# PROBLEM TO SOLVE
Transcribe, starting at the line with "Shop Etro 1cm Leather Belt W/ Chain In Black" and ending at the line with "SUPER7 WARNING CHOKING", every line of the material below exactly, but leave out the pictures and anything outside that span.

# SUPPLIED RECORDS

+ + +

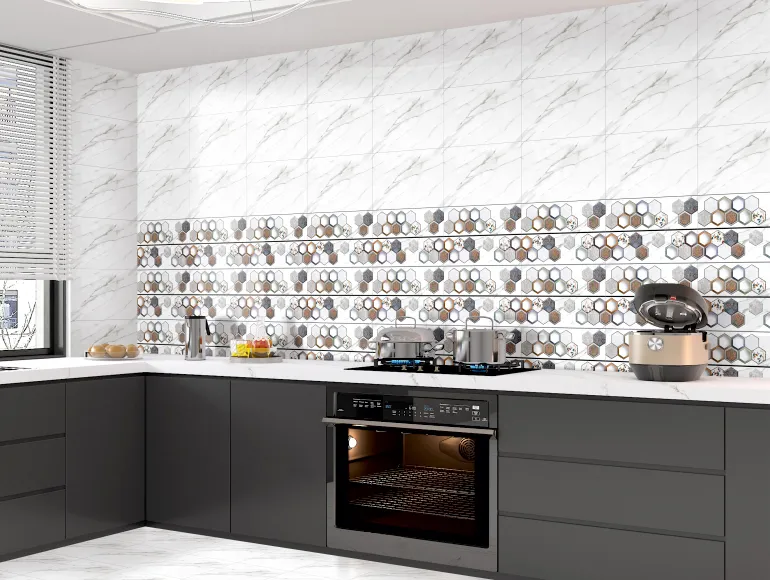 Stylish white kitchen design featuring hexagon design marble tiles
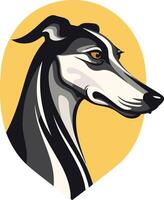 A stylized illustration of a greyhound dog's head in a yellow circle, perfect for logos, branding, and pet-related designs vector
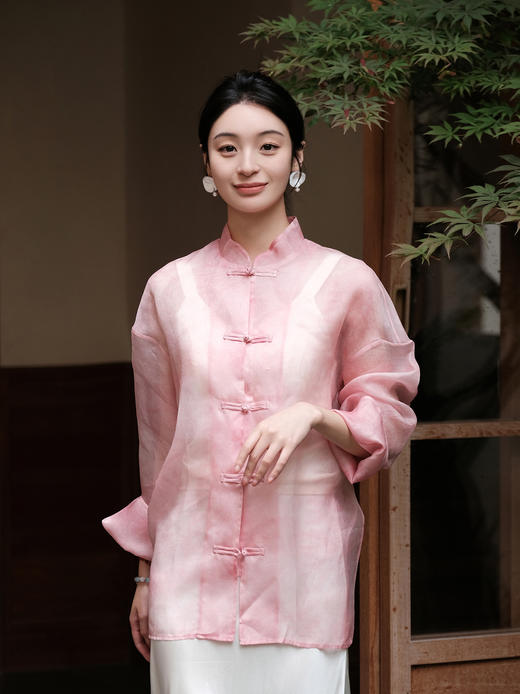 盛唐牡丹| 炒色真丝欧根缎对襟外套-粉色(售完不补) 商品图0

+ + +

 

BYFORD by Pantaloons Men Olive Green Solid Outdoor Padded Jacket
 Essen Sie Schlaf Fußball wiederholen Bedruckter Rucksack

+ + +

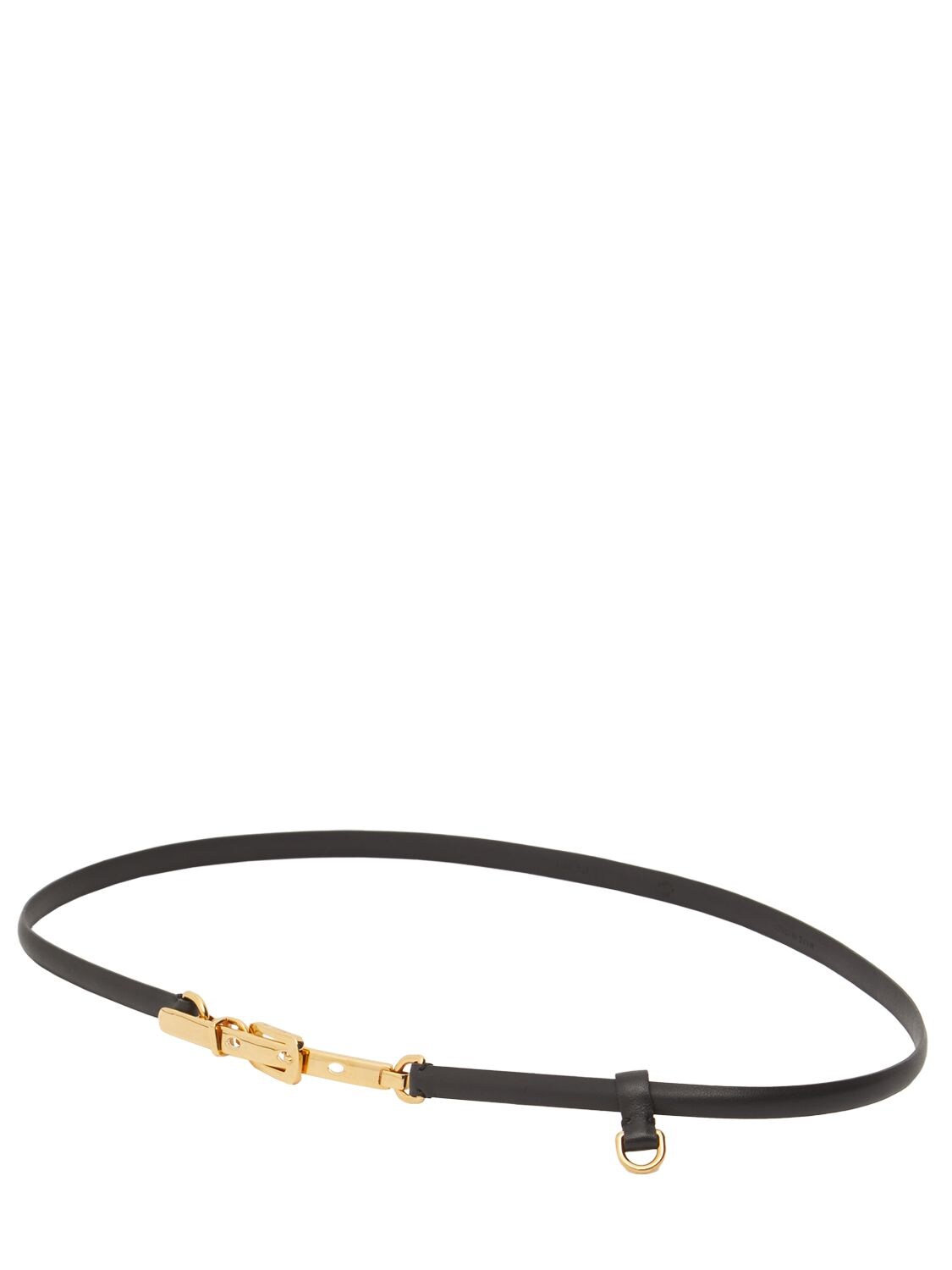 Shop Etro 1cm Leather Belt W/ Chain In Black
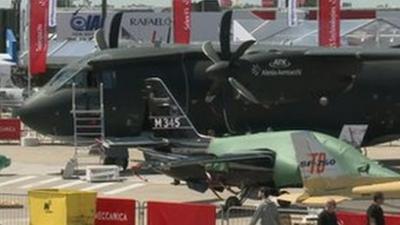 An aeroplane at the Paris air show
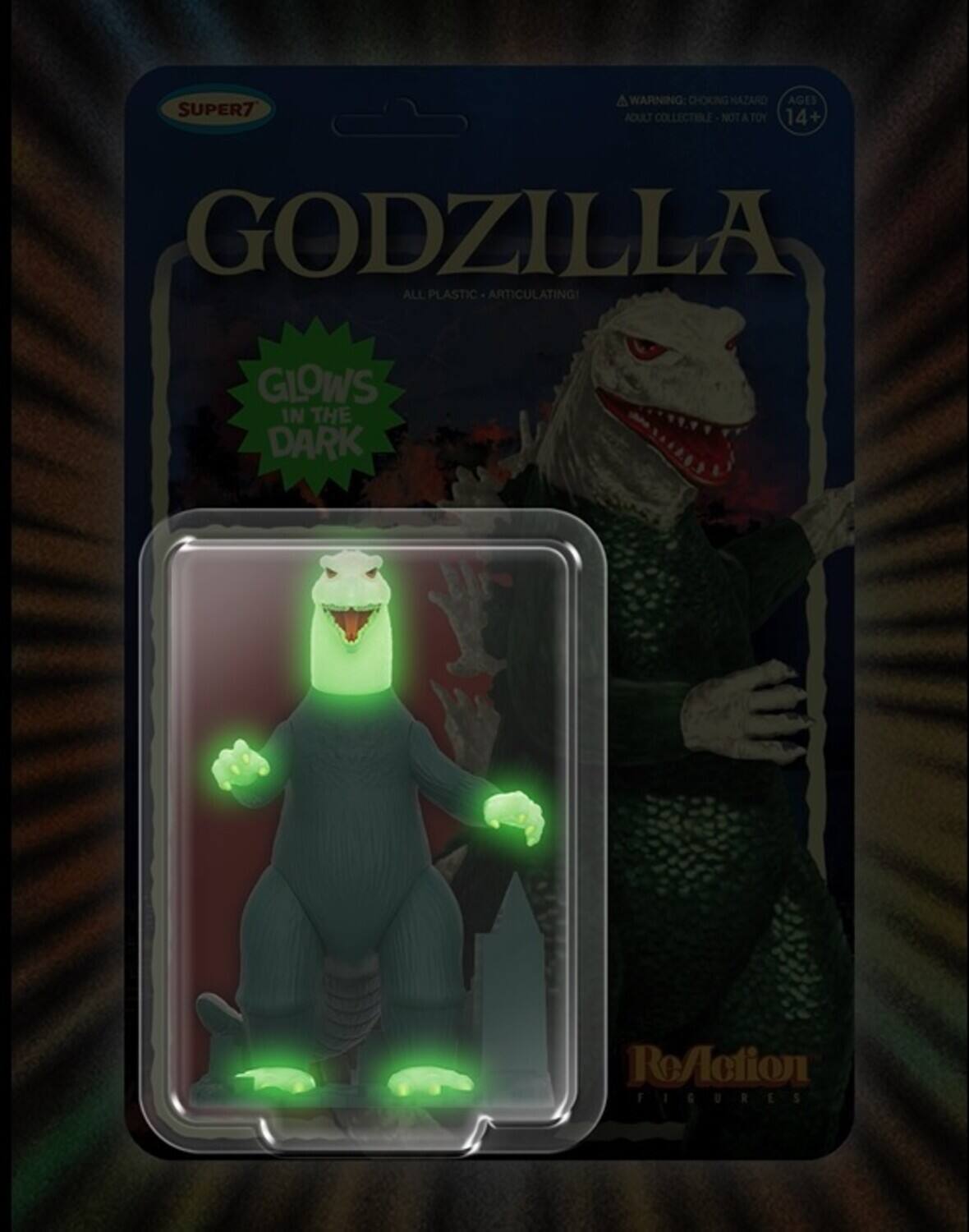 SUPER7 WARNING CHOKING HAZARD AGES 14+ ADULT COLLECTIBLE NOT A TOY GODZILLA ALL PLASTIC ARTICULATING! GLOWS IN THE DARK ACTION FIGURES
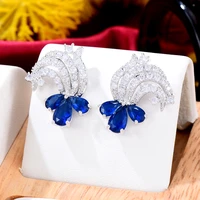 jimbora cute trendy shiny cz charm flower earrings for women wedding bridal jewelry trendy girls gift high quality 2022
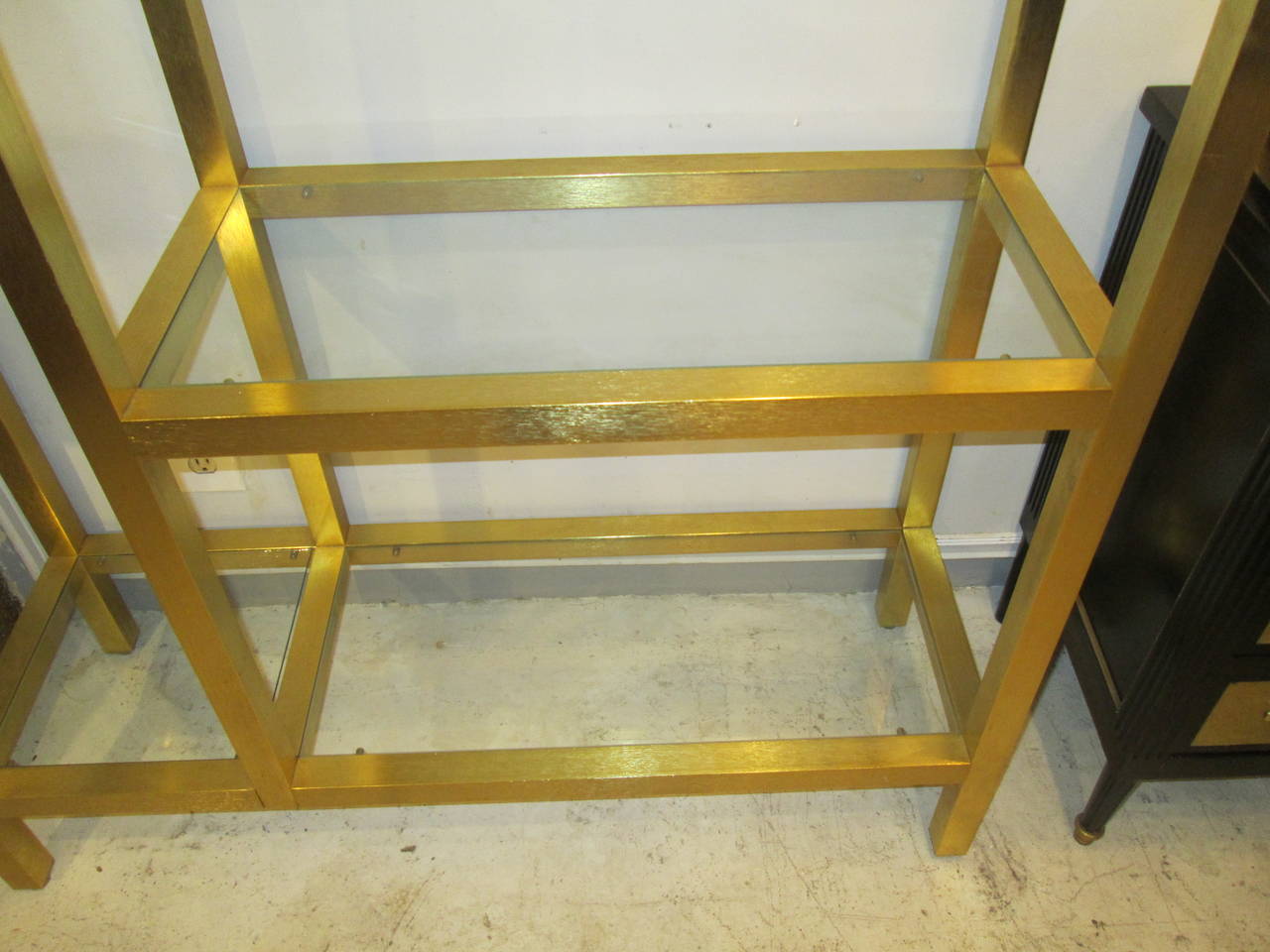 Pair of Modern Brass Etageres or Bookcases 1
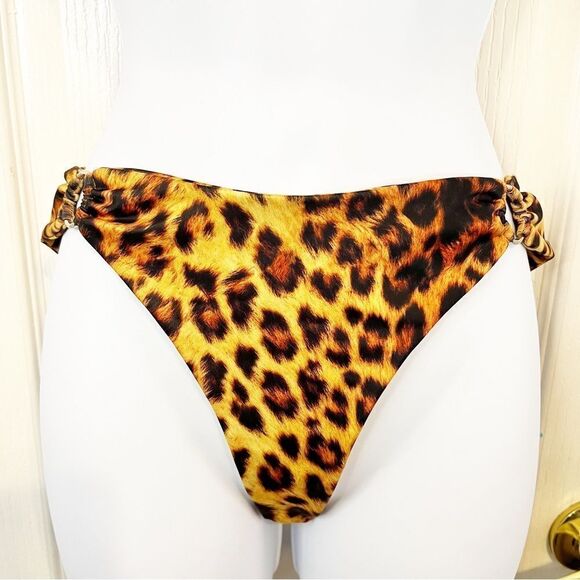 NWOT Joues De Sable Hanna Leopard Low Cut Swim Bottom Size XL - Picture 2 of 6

+ + +

# SOLUTION BELOW
 Shop Etro 1cm Leather Belt W/ Chain In Black
 An aeroplane at the Paris air show
 SUPER7 WARNING CHOKING HAZARD AGES 14+ ADULT COLLECTIBLE NOT A TOY GODZILLA ALL PLASTIC ARTICULATING! GLOWS IN THE DARK ACTION FIGURES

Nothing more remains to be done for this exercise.